There is a spooky statistical confluence in the U.S. between highway fatalities and deaths resulting from gun violence (homicides and suicides, combined). Both figures hover around 30,000, or about 100/day.

And just as the world is treated to the U.S.’s perennial debate over the merits and nature of gun control, the auto industry is now grappling with the question of surrendering vehicle control to a computer. In fact, those socialist-leaning Europeans have even broached the subject of governmental remote control of cars (Telegraph report: http://tinyurl.com/pp4ol27) which actually aligns with Brazil’s delayed anti-theft mandate for vehicle immobilization.

It all reminds me of the late Charlton Heston (pictured, from "Omega Man"), five-term president of the National Rifle Association (1998-2003), who made famous the bumper sticker slogan “from my cold dead hands” as in "I'll give you my gun when you pry (or take) it from my cold, dead hands."

It appears that cars are second only to guns as a symbol of freedom and control - at least in the U.S. When surveyed by Strategy Analytics, only a minority of respondents express interest in owning or paying for self-driving cars. In fact, the paying for part will probably be the greatest obstacle as the price tag for autonomous driving is likely to remain in the thousands of dollars for the foreseeable future.

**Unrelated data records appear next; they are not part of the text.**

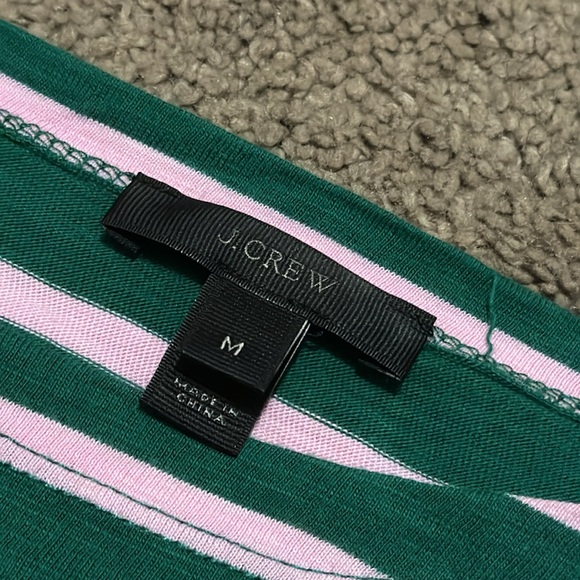 J Crew Crew Neck Shirt-3/4 Sleeve-Sz M-Cotton-Pink/Green Striped-Notched sides - Picture 12 of 13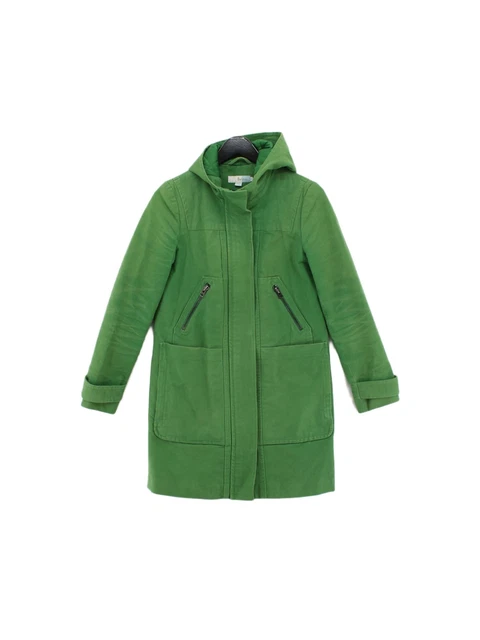 BODEN WOMEN S COAT UK 8 Green Cotton with Elastane Polyester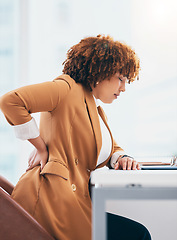 Image showing Back pain, injury and black woman in office at desk with spine problem, backache and muscle tension. Stress, medical emergency and female worker massage body for accident, joint strain and pressure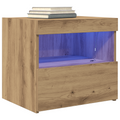 vidaXL Bedside Cabinets with LED Lights 2 pcs Artisan Oak 50x40x45 cm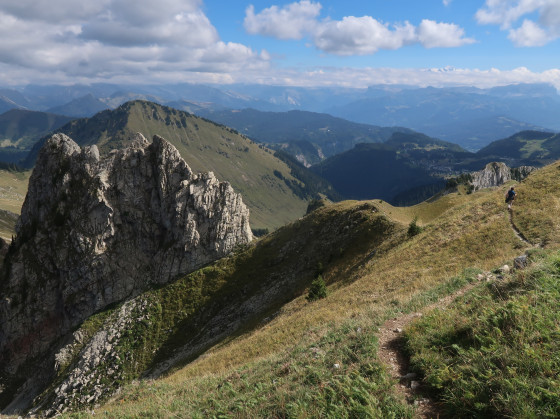 En redescendant de la pointe de Chavasse face au Mont Blanc
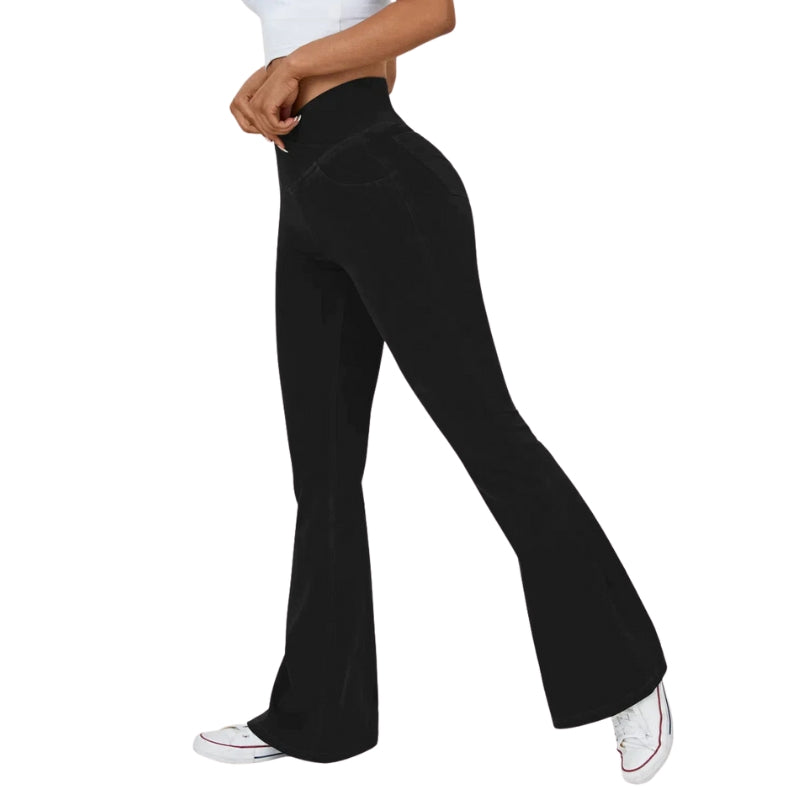 Aria – Retro hoge taille Uitlopende Jeans met Kruisende Tailleband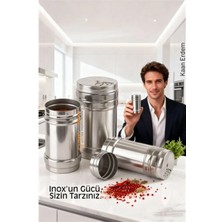 Marsilyan Inox 3’lü Baharatlık Seti - Ayarlanabilir Başlıklı Gurme Serisi 304 Paslanmaz Çelik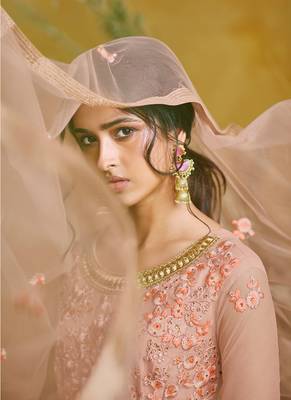 Baby-pink embroidered net salwar 4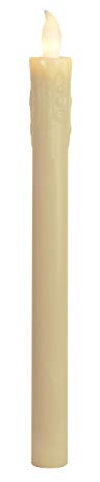 2er-Set LED Stab-Kerze Pressevon Star Trading, LED-Kerze, Kerzenlicht warmweiß für Kerzenleuchter, batteriebetriebene Weihnachtsdeko aus Kunststoff in Champagner, Höhe: 25 cm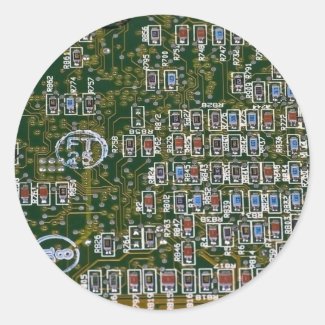 Resistors on a Circuit Board Round Stickers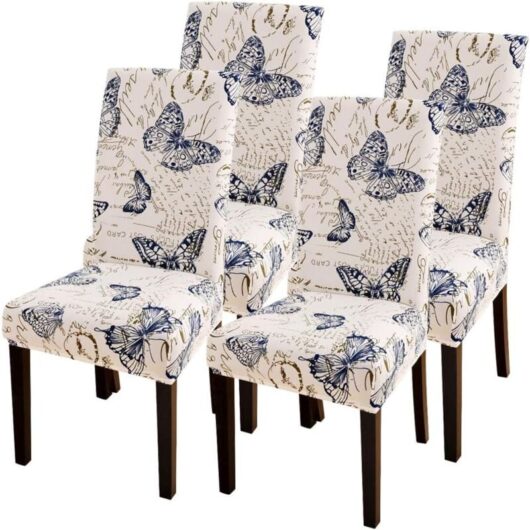 Linghhang - 4 Pieces (Butterfly) Stretch Chair Cover, Modern Dining Room Chair Slipcover, Removable Washable Chair Protector Cover for Dining Room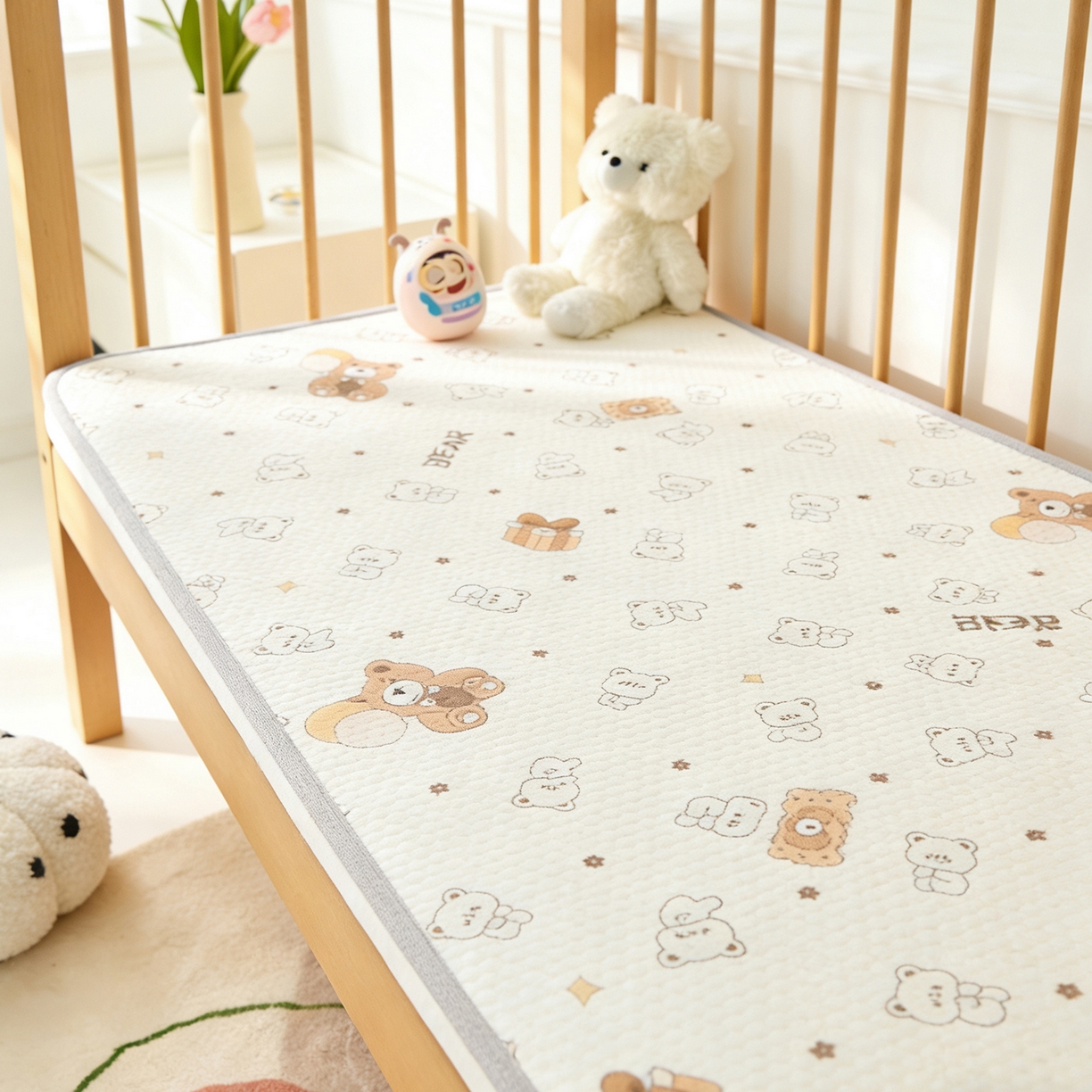 91家纺网 家纺一手货源 找家纺 家品罗兰 2026新款A类母婴级卡通婴儿凉感冰豆豆凉席儿童新生小宝宝床幼儿园床拼接床冰丝席床单垫可机洗夏空调席 饼干熊【三明治透气网底】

Pair the high cost with the inclination of consumers to preserve their access to freedom and control and you have two solid nearly impenetrable barriers to autonomous vehicle adoption. The U.S. consumer is essentially saying a la Charlton Heston – “you’ll get the steering wheel when you pry it from my cold dead hands.”

And now Google wants to take away the steering wheel and the brake pedals (New York Times report: http://tinyurl.com/o89oj7f).

So whether it’s the government (and not just the U.S. government) or Google, more and more organizations are interested in wresting control of the car away from the driver. This is aside from the plans being laid for “intelligent” highways that will take control of cars and the wave of interest growing in pay-per-use vehicle taxation.

But drivers can be expected to fight for their rights.

Call it an aphrodisiac. Call it a hallucinogen. Whatever you call it, the driving experience is intoxicating and drivers can be expected to fight to preserve their freedom from control. (Just imagine Germany surrendering its Autobahn network, nein!) Getting drivers to change their behavior and attitudes will require some sophisticated combination of coercion and temptation – even after the technology becomes sufficiently inexpensive. One thing is clear, we won’t surrender meekly.